THE DATA:
--- START ---
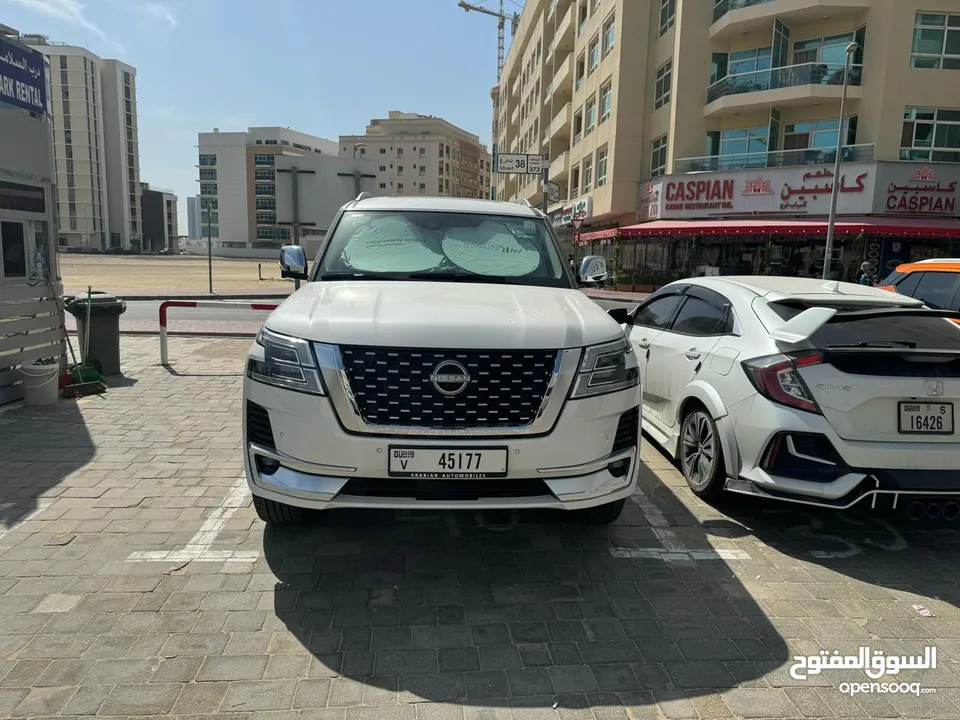 نيسان باترول بلاتينيوم موديل 24 أصفار يومي أسبوعي شهري سنوي Nissan patrol platinum 2024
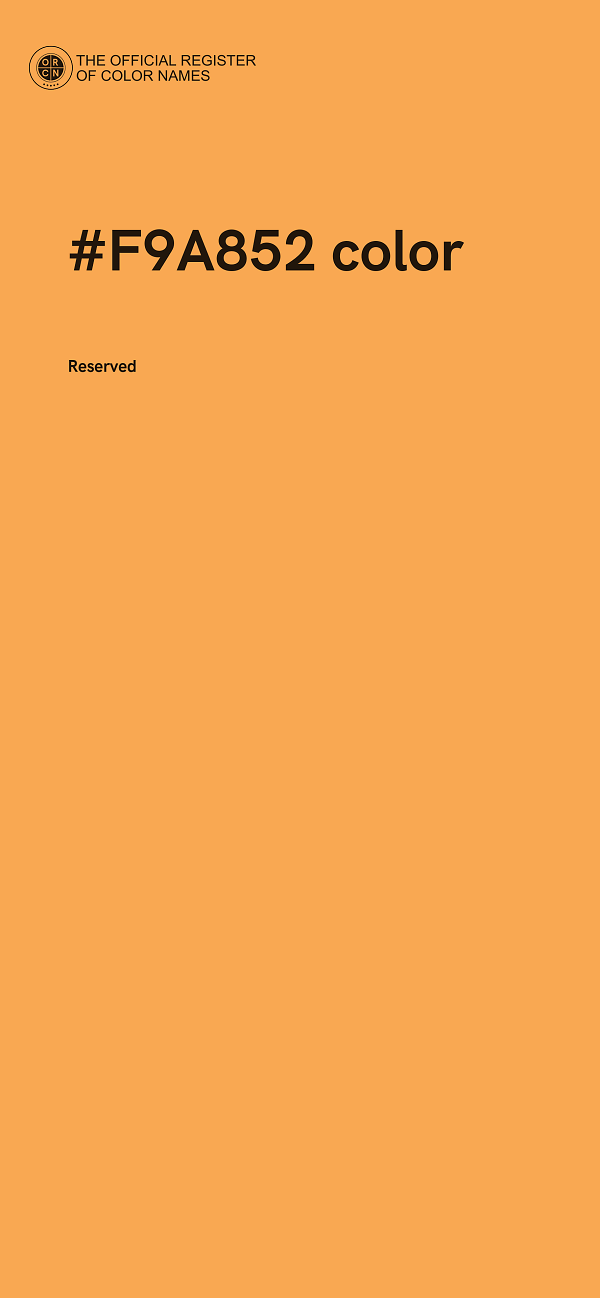 #F9A852 color image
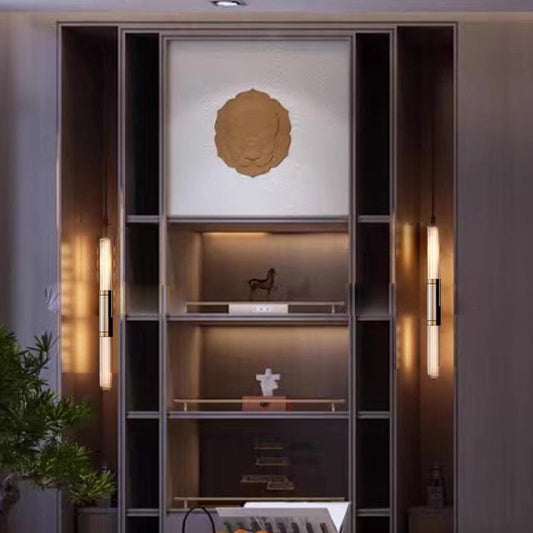 مصباح حائط LED طويل من الأكريليك الحديدي المعاصر لغرفة المعيشة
--- END ---
WORK TO BE COMPLETED: Pictures stay out. Everything else in the listing gets printed exactly.

ANSWER TO THIS TASK:
 نيسان باترول بلاتينيوم موديل 24 أصفار يومي أسبوعي شهري سنوي Nissan patrol platinum 2024
 #F9A852 color image
 مصباح حائط LED طويل من الأكريليك الحديدي المعاصر لغرفة المعيشة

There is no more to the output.